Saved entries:
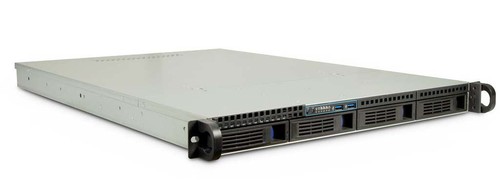 Inter tech 1404 - 1u,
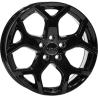 Product 2653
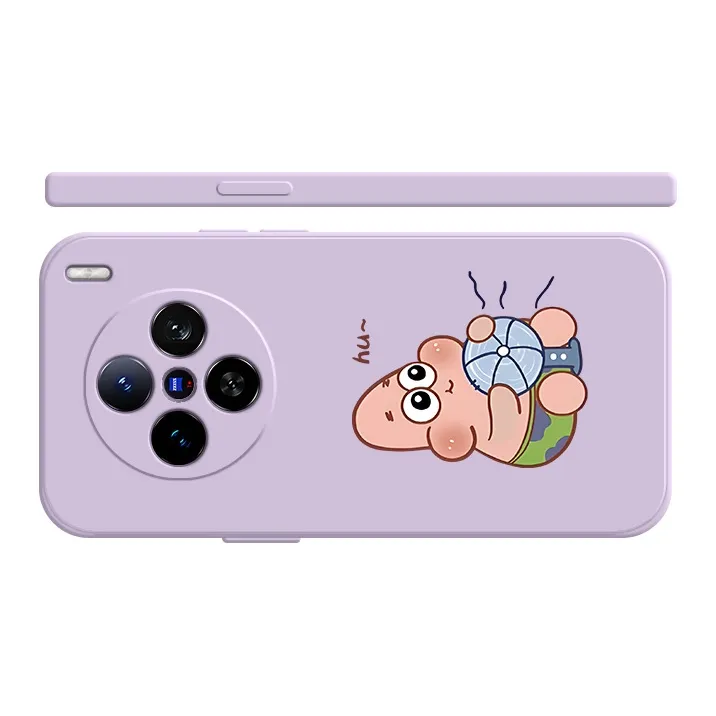 TUYAO Phone Cases-18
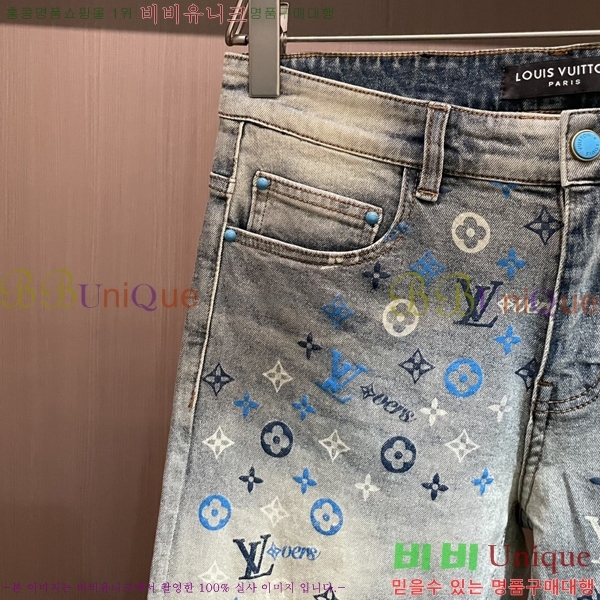 ���� ���̺��� û���� LV245369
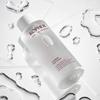 kopher Curepair First Toner 200ml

YOUR TASK:
An answer containing only the lines from the one holding "Product 2653" through the close of the entries above, reproduced exactly and stripped of pictures, is expected.

OUTPUT OF THE EXERCISE:
 Product 2653
 TUYAO Phone Cases-18
 ���� ���̺��� û���� LV245369
 kopher Curepair First Toner 200ml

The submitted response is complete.